I think some BSD versions still don't require / maintain 16-byte stack alignment.

What does aligning the stack mean in assembly?

Addressing is generally byte-based. A unique address points at a byte (which can be the first byte in a word or doubleword, etc, but referenced to that address).

With any numbering system the least significant digit holds the value base to the power 0 (the number 1). The next least base to the power 1, the next base to the power 2. In decimal this is the ones column the tens column the hundreds column. In binary ones, twos, fours... Alignment means evenly divisible by which also means the least significant digits are zeros.

You are always "aligned" on a byte boundary but a 16 bit boundary in binary means the least significant bit is zero, 32 bit aligned two zeros and so on.

0x1234 aligned on both a 16 and 32 bit boundary but not 64 bit

0x1235 not aligned (byte alignment really isn't a thing)

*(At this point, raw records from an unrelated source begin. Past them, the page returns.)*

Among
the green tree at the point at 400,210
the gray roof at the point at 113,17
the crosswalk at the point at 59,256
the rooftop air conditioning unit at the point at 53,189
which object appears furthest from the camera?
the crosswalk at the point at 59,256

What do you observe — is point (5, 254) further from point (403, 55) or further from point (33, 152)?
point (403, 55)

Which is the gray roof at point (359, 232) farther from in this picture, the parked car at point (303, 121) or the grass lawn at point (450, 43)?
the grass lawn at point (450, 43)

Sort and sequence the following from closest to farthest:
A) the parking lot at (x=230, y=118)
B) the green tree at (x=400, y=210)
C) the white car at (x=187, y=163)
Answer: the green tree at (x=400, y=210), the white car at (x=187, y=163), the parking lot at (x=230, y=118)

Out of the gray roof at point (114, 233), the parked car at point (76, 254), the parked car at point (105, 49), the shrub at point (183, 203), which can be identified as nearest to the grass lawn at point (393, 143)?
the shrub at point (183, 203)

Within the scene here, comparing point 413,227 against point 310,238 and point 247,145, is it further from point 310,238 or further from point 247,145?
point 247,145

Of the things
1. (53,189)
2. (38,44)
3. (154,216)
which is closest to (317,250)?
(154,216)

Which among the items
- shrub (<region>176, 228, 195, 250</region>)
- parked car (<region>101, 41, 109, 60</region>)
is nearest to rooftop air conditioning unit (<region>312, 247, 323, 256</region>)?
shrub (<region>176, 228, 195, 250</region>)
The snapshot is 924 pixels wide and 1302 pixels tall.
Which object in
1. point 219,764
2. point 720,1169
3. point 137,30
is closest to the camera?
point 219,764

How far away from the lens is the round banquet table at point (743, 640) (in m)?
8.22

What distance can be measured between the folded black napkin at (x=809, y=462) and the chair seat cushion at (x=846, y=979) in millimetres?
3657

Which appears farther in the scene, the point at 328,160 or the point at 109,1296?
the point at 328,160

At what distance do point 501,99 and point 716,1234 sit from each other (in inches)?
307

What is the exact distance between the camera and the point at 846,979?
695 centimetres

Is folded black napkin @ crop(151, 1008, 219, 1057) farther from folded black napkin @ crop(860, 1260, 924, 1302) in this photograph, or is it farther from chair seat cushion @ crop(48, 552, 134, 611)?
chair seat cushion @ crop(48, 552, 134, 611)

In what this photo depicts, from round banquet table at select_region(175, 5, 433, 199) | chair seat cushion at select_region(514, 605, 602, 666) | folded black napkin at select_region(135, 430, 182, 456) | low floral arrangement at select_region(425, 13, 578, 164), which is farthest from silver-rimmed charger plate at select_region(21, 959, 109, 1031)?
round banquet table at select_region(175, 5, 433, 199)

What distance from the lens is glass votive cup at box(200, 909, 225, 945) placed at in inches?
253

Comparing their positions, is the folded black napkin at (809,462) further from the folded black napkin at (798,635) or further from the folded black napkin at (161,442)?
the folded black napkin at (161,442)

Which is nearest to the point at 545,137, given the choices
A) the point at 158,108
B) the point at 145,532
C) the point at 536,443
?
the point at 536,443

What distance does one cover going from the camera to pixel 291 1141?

0x1236 aligned on a 16 bit boundary

0x1230 four zeros so 16, 32, 64, 128 BITS not bytes. 2,4,8,16 bytes.

The why is for performance reasons all memories have a fixed width as well as data buses, you can't magically add or remove wires in the logic once implemented, there is a physical limit, you can choose to not use all of them as part of the design but you can't add any.

So while the x86 buses are wider, let's say you had a 32 bit wide data bus as well as a 32 bit wide memory (think cache but also dram but we don't access dram directly in general).

If I want to save the 16 bits 0xAABB to address 0x1001 in a little endian machine then 0x1001 will get 0xBB and 0x1002 will get 0xAA. If I had a 32 bit data bus and a 32 bit memory on the far side of it then I could move those 16 bits if I designed the bus for this, by writing 0xXXAABBXX to address 0x1000 with a byte lane mask of 0b0110 telling the memory controller to use the 32 bits of memory associated with the BYTE based address 0x1000, and the byte lane mask on the bus telling the controller only save the middle two bytes, the outer two are don't cares.

The memory is a fixed width generally so all transactions must be full width it would read the 32 bits modify the 16 in the middle with 0xAABB and write the 32 bits back. This is of course inefficient. Even worse would be to write 0xAABB to 0x1003 that would be two bus transactions one for 0xBBXXXXXX at address 0x1000 and one for 0xXXXXXXAA at address 0x1004. That is a lot of extra cycles both on the bus and the read-modify-writes on the memory.

Now the stack alignment rules are not going to prevent read-modify-writes on writes. For the cases where larger transfers happen there are opportunities for a performance gain, for example if the bus were 32 bits and the memory and you did a 64 bit transfer to address 0x1000, that can based on bus design look like a single transfer with a length of two. The bus handshake happens then two back to back clocks the data moves, rather than handshakes and one width of the bus of data for a smaller transfer. So you get a gain there if the memory is 32 bits wide then it is two writes without a read-modify-write into the sram in the cache. Pretty clean, want to avoid the read-modify-writes.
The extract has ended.